A lot of the tracks on “SEIM” follow a bit of a Tangerine Dream heavy synth flow. Be it the arpeggiated blooms of plucky gurgles with rubbery bass on “Adkrog” or something more glassy, warped and ethereal with “Setu” – music is left to unwind in your ears like dripping candle wax. There is an ebb and flow to the synths as if they are pendulums swinging from note to note and QUINQUIS is watching from above. The production is also oddly satisfying. Synth bleeps reverb perfectly to the rhythmic flow of songs and vocally choral moments swirl, build and disperse with perfect glide paths. The attention to detail with the sound design throughout the album is phenomenal.
This translates vocally to QUINQUIS singing in a curious tone. I’ve listened to the album several times and it’s their tonal ambiguity that draws me in. Sometimes QUINQUIS takes the position of the comforter, other times it feels more malevolent or foreboding. This often aligns with the instrumentation too. “Mintin” is a beautifully understated acoustic guitar and quaint bleep led ballad. The vocals are drenched in a quivering water effect as if the sea is singing to you. Then “Estren” is a quietly cinematic neon punk evocation.

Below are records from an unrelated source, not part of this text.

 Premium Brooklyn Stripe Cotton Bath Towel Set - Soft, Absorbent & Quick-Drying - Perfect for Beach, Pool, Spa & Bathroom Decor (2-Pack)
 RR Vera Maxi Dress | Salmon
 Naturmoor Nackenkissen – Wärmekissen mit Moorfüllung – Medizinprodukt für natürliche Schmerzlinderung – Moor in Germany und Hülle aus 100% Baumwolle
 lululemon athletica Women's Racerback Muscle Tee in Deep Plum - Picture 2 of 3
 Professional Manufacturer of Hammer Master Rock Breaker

Mixed in with the colourful and rhythmic synths are organs, guitars, pianos and a few guest performances too. “Run” features a lush and smooth dream-pop ballad with Ólavur Jákupsson. Elsewhere “Og” offers up Yann Tiersen creating some theremin-moog styled synths. Other artists provide spoken monologues to create a spooky and uneasy atmosphere.

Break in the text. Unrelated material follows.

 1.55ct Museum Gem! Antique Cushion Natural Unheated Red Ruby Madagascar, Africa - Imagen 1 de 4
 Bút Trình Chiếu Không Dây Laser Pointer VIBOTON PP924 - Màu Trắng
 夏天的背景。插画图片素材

“SEIM” is the kind of dark, curious and understated album that deserves to grow into a cult hit. Quinquis has a deft hand at creating unusual and evocative songs that feel both understated and complex. It is a tricky mood to balance and Quinquis hits the target. It’s worthwhile noting that UNESCO has labelled Berton as a severely endangered language and so to be able to hear this tongue in full flow is a wonderful gift.